Unter einem Gründungsjahr versteht der verständige Durchschnittsverbraucher im Falle einer Porzellanmanufaktur dasjenige Datum, in dem das Unternehmen tatsächlich in der Lage war, in der zusammen mit der Jahreszahl genannten Manufaktur Porzellan herzustellen. Mit der Nennung des Gründungsdatums einer Manufaktur verbindet der Verbraucher dabei nicht nur die Vorstellung, in diesem Jahre sei von einem bestimmten Wissensträger eine Erfindung getätigt worden bzw. habe dieser "Erfinder" ein fürstliches Privileg verliehen bekommen. Das Privileg (vgl. zu seiner Bedeutung auch Osterrieth, PatG, Rn. 25) hatte zwar wesentliche Bedeutung im Hinblick auf ein "rechtliches Dürfen" bezüglich der Porzellanherstellung in einem bestimmten Wirtschaftsraum, weil es eine Art gewerberechtliche Erlaubnis darstellte und dem Inhaber eine Monopolstellung verschaffte. Das "rechtliche Dürfen" und das Bestehen einer "Produktionsmöglichkeit" allein begründen aber noch keine Verbrauchererwartung in die Tradition. Dies setzt weiter voraus, dass die im Zusammenhang mit der Jahreszahl genannte Manufaktur auch tatsächlich (wirtschaftlich) tätig wurde, das heißt in einer der genannten Manufaktur zuzuordnenden Betriebsstätte Porzellan hergestellt wurde.

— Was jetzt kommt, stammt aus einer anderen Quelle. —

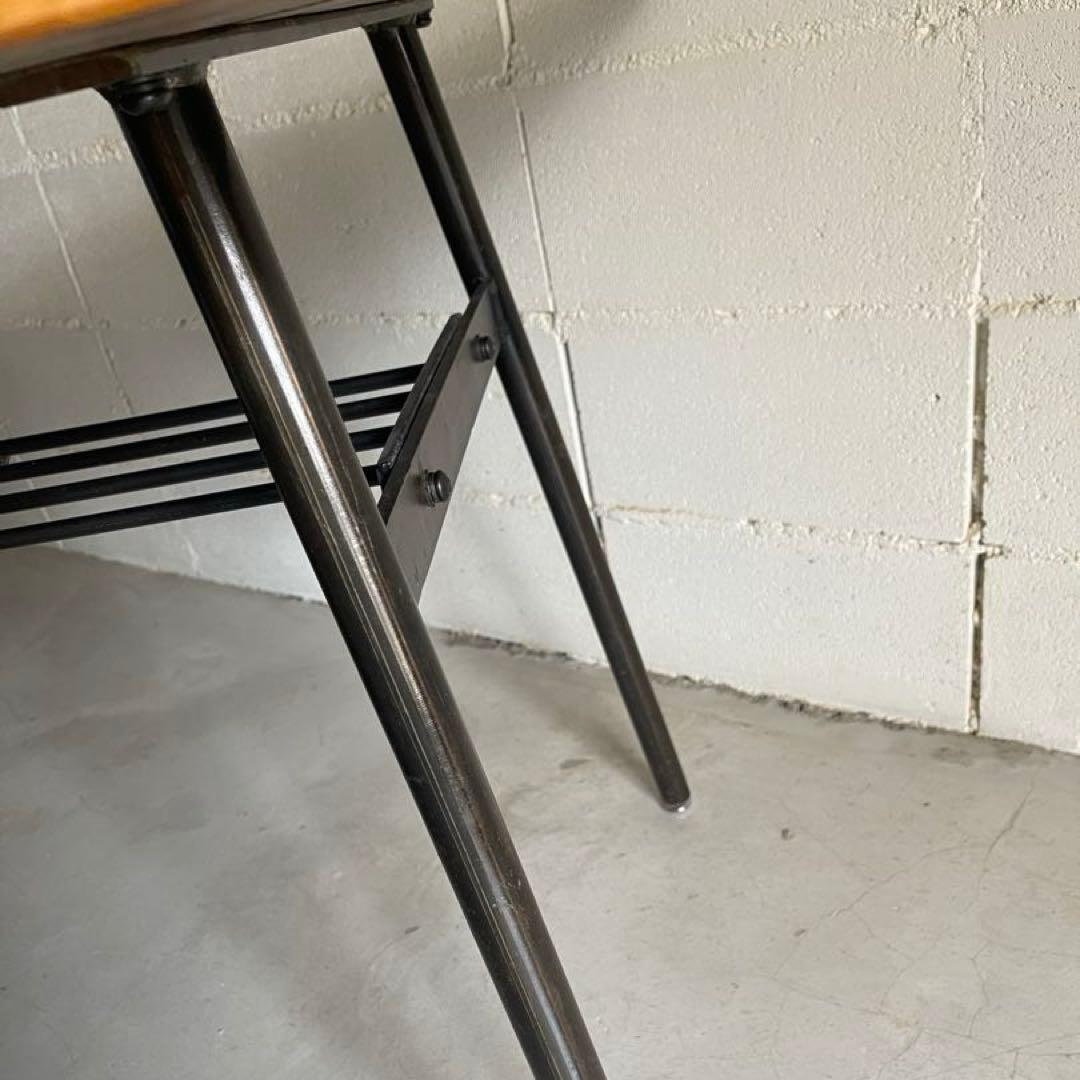 クラッシュゲート　ノットアンティークス　クッパ　ダイニングテーブル　オーク無垢材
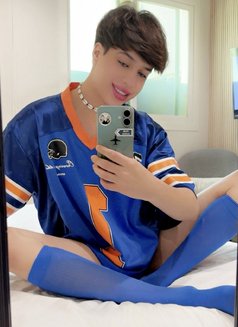 Josyan I have a limited time in Riyadh - Transsexual escort in Riyadh Photo 4 of 9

Insoweit unterscheidet sich die Verbrauchererwartung auch von den berechtigten wissenschaftlichen Interessen von Historikern, geschichtliche Vorgänge zu belegen. Die Verbrauchererwartung knüpft bei der Alterswerbung vielmehr allein an eine handwerkliche Tradition an, die neben der Erfindung voraussetzt, dass das Handwerk in dem beworbenen Betrieb seit dem genannten Gründungsjahr auch tatsächlich ausgeübt und seither basierend auf dieser Tradition überliefert und ständig fortentwickelt wurde, eben weil die Manufaktur nicht nur rechtlich befugt, sondern auch tatsächlich dazu in der Lage war. Deshalb erwartet der Verkehr bei der Nennung des Gründungsdatums, dass es zu dem als Gründungsjahr benannten Zeitpunkt bereits eine der genannten Manufaktur zuzuordnende wirtschaftliche Tätigkeit, also eine Produktion von Porzellan gegeben hat. Ob dies bereits das Erstellen einer kleinen Serie voraussetzt oder lediglich die Herstellung einzelner verkäuflicher Stücke, kann der Senat unentschieden lassen. Jedenfalls erwartet der Verkehr insoweit, dass es eine Produktion von Porzellan in einem solchen Umfang und in einer solchen Qualität gegeben hat, dass nicht mehr nur von einem Experimentierstadium in Bezug auf die Herstellung und Produktion von Porzellan gesprochen werden kann. Außerdem erwartet der Verbraucher auch von einer gegründeten Manufaktur, gewisse "essentialia" einer Kleinunternehmung, wie z.B. eine ausreichende Betriebsstätte sowie eine Ausstattung mit Betriebs- und Finanzmitteln, die eine wirtschaftliche Tätigkeit überhaupt erst ermöglichen können. Nur dieses Verständnis wird den Maßstäben gerecht, die das Publikum mit der Alters- bzw. Traditionswerbung in Verbindung bringt. Denn es geht dem Verbraucher insoweit gerade darum, dass eine ausreichende Erfahrung bei der Herstellung der Kunstgegenständen aus Porzellan vorhanden ist, die heute noch einen Kaufanreiz darstellt, etwa weil auf alte Formen oder gestalterische Besonderheiten zurückgegriffen werden kann. Eine solche Erfahrung wird aber erst durch eine beginnende Produktion begründet und nicht bereits durch eine Erfindung im Experimentierstadium (Senat Magazindienst 2008, 939).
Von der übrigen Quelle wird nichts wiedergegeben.